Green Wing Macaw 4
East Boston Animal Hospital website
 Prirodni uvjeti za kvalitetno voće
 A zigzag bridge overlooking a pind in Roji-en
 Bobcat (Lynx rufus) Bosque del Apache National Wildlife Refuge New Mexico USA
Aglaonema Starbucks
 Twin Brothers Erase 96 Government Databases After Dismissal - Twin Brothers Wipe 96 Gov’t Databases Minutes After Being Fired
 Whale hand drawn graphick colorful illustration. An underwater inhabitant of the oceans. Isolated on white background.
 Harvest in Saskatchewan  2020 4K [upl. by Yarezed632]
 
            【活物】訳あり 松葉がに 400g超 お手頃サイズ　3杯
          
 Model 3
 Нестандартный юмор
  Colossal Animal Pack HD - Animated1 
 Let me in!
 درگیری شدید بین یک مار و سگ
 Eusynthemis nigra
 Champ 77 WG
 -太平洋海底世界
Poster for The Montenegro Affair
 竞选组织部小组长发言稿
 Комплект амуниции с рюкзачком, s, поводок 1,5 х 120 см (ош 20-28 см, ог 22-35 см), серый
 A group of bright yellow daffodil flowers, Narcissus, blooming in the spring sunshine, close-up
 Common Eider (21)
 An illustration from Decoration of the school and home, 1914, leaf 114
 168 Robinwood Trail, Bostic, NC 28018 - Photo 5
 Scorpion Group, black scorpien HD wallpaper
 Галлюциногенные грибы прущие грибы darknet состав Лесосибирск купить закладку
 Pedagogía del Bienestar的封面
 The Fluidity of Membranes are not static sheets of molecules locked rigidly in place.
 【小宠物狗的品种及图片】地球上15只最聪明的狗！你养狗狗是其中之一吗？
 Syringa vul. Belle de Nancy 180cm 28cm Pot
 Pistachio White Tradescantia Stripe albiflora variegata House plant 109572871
===============
#### WHAT IS NEEDED
Output each line of the data exactly as it stands above.

#### RESULT OF THIS EXERCISE
Green Wing Macaw 4
East Boston Animal Hospital website
 Prirodni uvjeti za kvalitetno voće
 A zigzag bridge overlooking a pind in Roji-en
 Bobcat (Lynx rufus) Bosque del Apache National Wildlife Refuge New Mexico USA
Aglaonema Starbucks
 Twin Brothers Erase 96 Government Databases After Dismissal - Twin Brothers Wipe 96 Gov’t Databases Minutes After Being Fired
 Whale hand drawn graphick colorful illustration. An underwater inhabitant of the oceans. Isolated on white background.
 Harvest in Saskatchewan  2020 4K [upl. by Yarezed632]
 
            【活物】訳あり 松葉がに 400g超 お手頃サイズ　3杯
          
 Model 3
 Нестандартный юмор
  Colossal Animal Pack HD - Animated1 
 Let me in!
 درگیری شدید بین یک مار و سگ
 Eusynthemis nigra
 Champ 77 WG
 -太平洋海底世界
Poster for The Montenegro Affair
 竞选组织部小组长发言稿
 Комплект амуниции с рюкзачком, s, поводок 1,5 х 120 см (ош 20-28 см, ог 22-35 см), серый
 A group of bright yellow daffodil flowers, Narcissus, blooming in the spring sunshine, close-up
 Common Eider (21)
 An illustration from Decoration of the school and home, 1914, leaf 114
 168 Robinwood Trail, Bostic, NC 28018 - Photo 5
 Scorpion Group, black scorpien HD wallpaper
 Галлюциногенные грибы прущие грибы darknet состав Лесосибирск купить закладку
 Pedagogía del Bienestar的封面
 The Fluidity of Membranes are not static sheets of molecules locked rigidly in place.
 【小宠物狗的品种及图片】地球上15只最聪明的狗！你养狗狗是其中之一吗？
 Syringa vul. Belle de Nancy 180cm 28cm Pot
 Pistachio White Tradescantia Stripe albiflora variegata House plant 109572871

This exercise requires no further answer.